It's not really that difficult. First, you compare the free parameters in the theory used to explain the acceleration.Question: do you think that one model is "more likely", "more reasonable", "simpler" in the sense of Ockhams razor than the other? How do you calculate and compare the probability of a cosmological constant having a certain value with the probability of sitting near the center of a huge void?
The cosmological constant has one free parameter.
The void model has three free parameters (our position in three spatial dimensions).
Things aren't looking so good for the void model already.

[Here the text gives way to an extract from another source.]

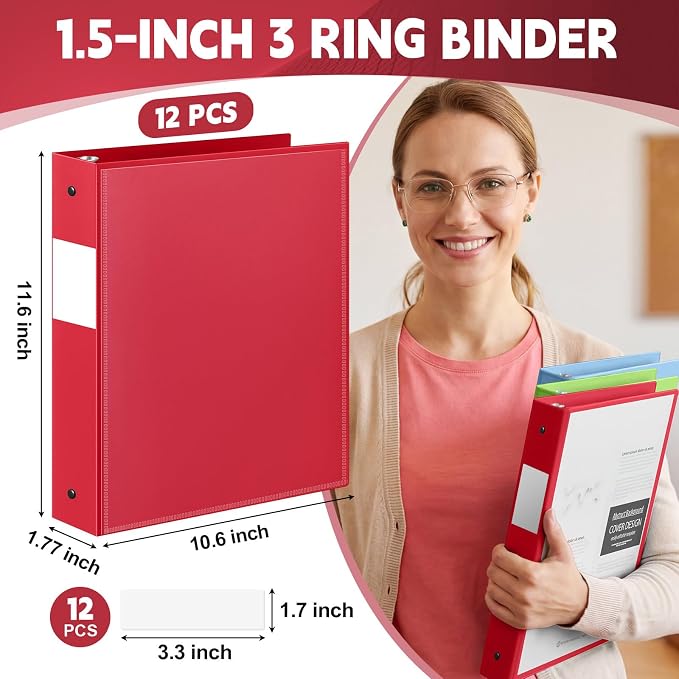Henoyso 1.5 Inch 3 Ring Binders with Clear Front Cover and 2 Pockets, Round Ring Binders Fits 8.5'' x 11'' Letter Size Paper for School Office Supplies, 12 Pack (Assorted Color)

To do this in more detail, it makes sense to compare the fraction of parameter space that is consistent with the model to the entire parameter space. With the void model, this requires some estimate of the frequency of such nearly-spherical large voids, but we can easily provide an extremely pessimistic estimate by taking the maximum value of this frequency that is still consistent with the void model explaining acceleration. We then compare the number of galaxies that lie close enough to the center of such a void to explain the observed acceleration to the total number of galaxies. This gives a rough estimate of how likely the model is.

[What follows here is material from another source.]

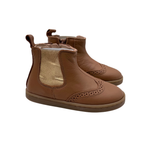 Bottines premiers pas en cuir marron doré - 25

To contrast this, we can compare the current error bars on the cosmological constant to the available parameter space for the cosmological constant that is consistent with an old universe that forms galaxies.
Now, I haven't done the numbers here, but I'd be willing to bet that the void model will end up with a much, much lower likelihood than the cosmological constant.
Bear in mind that the numerator of this fraction that makes up the likelihood depends upon experimental precision, so we can't take the likelihood itself as being physical, just a means of comparing between different models.
Using this sort of analysis, it is not at all difficult to compare models even when the experimental support for two competing models is identical. The result may, in some cases, be ambiguous, but it's still possible to do the comparison, and certainly not outside of the realm of science.